Jumia eyes new markets

Inside: Lesaka gets a green light for Bank Zero deal.

Happy mid-week. ☀️

Yesterday, Microsoft and NVIDIA said they plan to invest $15 billion in Anthropic, the AI startup that owns Claude. Now, don't get me wrong; this is exciting news for the bookies and the AI nerds who have been secretly wishing for a super-marriage between all the heavy-hitters in AI. 

But the cynical side of me is this close 🤏 to calling it all some complex engineering (not the cute, nerdy finance type from my POV). Everybody is just exchanging a few billion dollars at this point, sorry.

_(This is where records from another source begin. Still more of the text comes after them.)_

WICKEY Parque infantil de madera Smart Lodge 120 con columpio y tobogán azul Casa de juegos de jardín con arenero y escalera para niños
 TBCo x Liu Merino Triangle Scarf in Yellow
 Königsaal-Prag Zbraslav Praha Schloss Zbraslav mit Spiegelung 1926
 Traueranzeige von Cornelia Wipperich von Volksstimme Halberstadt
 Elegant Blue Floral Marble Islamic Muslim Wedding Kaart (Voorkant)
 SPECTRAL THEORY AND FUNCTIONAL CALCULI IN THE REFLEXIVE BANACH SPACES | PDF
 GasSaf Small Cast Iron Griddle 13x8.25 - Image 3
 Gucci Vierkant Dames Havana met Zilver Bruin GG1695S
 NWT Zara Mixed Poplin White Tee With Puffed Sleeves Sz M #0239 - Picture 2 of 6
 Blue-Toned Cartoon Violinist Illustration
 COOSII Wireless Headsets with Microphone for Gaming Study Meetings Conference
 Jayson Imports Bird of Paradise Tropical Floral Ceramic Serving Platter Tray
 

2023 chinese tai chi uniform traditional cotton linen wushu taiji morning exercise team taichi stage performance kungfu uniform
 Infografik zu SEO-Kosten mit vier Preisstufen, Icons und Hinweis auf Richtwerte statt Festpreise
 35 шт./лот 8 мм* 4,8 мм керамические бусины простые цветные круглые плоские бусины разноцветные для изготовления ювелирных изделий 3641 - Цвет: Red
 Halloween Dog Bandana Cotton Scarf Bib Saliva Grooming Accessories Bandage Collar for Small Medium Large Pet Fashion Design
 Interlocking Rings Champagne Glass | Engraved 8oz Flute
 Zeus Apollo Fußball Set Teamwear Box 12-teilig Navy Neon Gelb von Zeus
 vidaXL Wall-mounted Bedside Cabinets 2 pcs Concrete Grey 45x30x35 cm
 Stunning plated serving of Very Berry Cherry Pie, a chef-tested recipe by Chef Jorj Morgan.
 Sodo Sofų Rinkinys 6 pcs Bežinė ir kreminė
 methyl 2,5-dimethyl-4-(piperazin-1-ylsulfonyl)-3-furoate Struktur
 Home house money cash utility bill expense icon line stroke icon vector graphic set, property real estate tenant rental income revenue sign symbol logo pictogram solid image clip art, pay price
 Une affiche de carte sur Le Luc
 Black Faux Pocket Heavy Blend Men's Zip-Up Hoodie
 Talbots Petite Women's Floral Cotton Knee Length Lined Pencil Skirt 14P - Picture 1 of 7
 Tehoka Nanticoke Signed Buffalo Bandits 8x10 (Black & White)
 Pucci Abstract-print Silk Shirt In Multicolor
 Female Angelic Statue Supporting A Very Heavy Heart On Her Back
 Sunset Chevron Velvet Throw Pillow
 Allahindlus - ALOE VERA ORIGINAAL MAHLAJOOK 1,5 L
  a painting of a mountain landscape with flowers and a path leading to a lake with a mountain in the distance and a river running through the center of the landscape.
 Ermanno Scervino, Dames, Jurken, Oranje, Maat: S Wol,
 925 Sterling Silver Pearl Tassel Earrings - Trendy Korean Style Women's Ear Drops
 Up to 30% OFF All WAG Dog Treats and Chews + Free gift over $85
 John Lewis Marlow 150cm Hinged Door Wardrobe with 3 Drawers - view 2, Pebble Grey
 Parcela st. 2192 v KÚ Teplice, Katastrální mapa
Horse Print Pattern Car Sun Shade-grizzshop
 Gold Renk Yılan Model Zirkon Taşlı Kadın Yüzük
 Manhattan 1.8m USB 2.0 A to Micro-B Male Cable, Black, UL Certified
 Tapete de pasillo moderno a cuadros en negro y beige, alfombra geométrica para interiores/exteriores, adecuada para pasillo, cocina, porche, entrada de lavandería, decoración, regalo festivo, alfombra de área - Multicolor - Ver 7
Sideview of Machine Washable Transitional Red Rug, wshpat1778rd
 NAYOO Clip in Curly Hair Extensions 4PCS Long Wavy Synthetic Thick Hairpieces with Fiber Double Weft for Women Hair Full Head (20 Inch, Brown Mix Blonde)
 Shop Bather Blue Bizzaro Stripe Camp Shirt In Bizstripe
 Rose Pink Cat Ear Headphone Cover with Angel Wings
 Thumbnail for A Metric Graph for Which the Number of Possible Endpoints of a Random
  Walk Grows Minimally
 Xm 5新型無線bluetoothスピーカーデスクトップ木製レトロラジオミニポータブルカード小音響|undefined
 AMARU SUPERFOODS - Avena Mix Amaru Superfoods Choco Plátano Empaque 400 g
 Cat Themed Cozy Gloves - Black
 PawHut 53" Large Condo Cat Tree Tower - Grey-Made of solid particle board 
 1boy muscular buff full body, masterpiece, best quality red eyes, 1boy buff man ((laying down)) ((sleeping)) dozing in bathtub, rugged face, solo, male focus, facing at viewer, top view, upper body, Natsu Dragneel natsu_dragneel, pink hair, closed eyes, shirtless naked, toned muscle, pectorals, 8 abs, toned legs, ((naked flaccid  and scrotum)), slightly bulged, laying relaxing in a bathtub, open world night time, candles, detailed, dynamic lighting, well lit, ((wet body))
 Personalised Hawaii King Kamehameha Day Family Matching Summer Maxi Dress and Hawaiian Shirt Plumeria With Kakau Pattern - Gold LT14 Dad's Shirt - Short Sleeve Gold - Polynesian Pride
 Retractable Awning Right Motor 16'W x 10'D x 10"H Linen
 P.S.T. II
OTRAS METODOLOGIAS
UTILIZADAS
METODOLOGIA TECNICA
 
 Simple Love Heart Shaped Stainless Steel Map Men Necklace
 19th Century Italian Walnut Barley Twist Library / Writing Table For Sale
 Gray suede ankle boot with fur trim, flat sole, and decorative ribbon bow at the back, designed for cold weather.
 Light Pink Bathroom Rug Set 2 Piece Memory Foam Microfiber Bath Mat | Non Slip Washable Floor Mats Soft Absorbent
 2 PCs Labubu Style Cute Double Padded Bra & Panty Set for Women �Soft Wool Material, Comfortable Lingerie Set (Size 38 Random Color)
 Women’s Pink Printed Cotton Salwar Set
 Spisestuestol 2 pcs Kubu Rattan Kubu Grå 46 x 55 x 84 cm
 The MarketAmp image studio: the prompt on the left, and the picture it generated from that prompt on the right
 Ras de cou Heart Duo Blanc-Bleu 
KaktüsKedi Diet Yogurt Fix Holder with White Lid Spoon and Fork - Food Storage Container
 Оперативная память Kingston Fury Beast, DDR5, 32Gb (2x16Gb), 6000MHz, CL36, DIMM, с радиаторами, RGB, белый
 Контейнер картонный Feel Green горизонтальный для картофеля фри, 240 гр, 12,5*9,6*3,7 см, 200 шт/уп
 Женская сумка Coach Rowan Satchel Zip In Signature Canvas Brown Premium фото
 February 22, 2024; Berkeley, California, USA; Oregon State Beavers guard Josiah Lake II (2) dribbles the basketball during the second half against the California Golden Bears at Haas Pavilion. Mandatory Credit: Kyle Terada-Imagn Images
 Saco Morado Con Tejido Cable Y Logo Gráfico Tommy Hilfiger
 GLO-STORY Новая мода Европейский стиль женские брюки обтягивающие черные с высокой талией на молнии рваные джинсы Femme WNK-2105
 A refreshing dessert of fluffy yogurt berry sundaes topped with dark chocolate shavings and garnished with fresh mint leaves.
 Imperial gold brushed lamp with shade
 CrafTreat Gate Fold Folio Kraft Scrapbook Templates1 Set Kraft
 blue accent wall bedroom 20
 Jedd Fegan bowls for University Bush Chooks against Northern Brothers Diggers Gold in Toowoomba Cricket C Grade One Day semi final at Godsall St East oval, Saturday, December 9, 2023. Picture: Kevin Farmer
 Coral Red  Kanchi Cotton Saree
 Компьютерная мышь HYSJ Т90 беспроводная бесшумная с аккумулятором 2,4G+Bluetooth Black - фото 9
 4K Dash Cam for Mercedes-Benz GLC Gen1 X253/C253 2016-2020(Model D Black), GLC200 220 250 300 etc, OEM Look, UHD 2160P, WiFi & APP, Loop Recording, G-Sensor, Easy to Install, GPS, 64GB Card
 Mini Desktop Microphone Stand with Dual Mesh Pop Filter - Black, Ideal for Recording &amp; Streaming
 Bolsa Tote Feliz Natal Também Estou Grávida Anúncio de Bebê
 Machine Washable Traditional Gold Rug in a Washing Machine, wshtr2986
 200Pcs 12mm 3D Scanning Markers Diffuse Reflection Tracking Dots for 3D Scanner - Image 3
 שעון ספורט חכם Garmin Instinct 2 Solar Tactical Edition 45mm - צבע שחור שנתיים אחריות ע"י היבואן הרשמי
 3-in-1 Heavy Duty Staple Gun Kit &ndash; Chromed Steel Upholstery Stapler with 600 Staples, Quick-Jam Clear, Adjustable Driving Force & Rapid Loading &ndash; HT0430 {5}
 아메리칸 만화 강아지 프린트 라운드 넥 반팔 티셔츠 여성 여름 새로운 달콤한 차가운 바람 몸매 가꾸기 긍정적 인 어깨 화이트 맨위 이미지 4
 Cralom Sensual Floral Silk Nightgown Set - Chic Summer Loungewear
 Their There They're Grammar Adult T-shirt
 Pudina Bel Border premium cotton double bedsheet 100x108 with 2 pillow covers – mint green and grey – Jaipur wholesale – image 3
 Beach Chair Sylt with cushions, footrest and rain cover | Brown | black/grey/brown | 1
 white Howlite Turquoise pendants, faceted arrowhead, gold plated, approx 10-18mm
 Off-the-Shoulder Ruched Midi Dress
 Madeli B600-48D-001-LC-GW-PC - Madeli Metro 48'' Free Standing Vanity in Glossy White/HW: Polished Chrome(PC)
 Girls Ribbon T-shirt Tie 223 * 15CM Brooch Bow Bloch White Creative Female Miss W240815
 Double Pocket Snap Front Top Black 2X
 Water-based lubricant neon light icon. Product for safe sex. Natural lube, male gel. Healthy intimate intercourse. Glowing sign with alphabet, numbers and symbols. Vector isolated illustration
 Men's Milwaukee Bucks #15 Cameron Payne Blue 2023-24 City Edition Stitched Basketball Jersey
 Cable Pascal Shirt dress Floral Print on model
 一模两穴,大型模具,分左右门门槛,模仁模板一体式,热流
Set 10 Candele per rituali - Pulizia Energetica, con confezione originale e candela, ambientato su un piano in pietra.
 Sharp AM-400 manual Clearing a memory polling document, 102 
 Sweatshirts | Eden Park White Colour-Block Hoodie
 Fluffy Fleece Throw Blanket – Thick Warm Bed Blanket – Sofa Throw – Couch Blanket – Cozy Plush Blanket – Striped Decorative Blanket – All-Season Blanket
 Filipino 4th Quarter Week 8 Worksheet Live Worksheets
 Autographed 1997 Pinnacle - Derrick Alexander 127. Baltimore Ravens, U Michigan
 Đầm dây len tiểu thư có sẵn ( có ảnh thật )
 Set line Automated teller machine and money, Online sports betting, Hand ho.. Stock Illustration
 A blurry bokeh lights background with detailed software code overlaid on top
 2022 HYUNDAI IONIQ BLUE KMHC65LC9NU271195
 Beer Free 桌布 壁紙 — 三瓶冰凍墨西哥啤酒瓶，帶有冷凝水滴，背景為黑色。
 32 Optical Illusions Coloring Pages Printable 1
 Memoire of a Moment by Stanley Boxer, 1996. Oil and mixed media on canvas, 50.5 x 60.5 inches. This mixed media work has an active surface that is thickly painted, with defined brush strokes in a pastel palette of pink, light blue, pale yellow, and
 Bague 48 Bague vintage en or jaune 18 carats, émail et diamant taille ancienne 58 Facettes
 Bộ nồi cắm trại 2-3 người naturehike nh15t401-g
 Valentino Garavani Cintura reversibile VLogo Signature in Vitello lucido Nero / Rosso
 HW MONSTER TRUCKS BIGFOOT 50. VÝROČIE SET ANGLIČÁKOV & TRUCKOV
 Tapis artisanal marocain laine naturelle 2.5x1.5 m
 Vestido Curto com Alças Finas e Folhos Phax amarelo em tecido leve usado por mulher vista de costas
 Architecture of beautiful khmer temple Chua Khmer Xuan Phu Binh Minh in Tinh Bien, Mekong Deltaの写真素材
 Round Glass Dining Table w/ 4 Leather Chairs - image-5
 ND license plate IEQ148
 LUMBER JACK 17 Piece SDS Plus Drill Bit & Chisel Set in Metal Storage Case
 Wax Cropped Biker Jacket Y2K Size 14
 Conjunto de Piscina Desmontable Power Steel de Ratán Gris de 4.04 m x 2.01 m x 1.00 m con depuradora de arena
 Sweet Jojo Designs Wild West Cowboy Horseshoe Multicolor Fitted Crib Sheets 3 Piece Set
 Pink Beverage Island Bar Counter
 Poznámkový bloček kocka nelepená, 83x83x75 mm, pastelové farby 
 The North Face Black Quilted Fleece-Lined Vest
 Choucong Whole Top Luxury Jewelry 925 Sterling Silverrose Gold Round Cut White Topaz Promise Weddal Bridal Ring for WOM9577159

Add the Microsoft + NVIDIA + Anthropic and the Cohere deals, and you're officially confused.

Anyway, let's get into today's business.

Ecommerce

Jumia considers Tanzania and Angola for expansion

Image Source: Jumia

Jumia, the African e-commerce giant, is preparing for a new phase of expansion. Only a year after exiting South Africa and Tunisia to cut losses, the company is now eyeing Tanzania and Angola as possible comeback markets. It’s a surprisingly quick pivot for a startup that spent the year consolidating operations, cutting costs, and tightening its logistics engine in pursuit of profitability by 2027. The company exited Tanzania in 2019 as part of ongoing portfolio optimisation efforts.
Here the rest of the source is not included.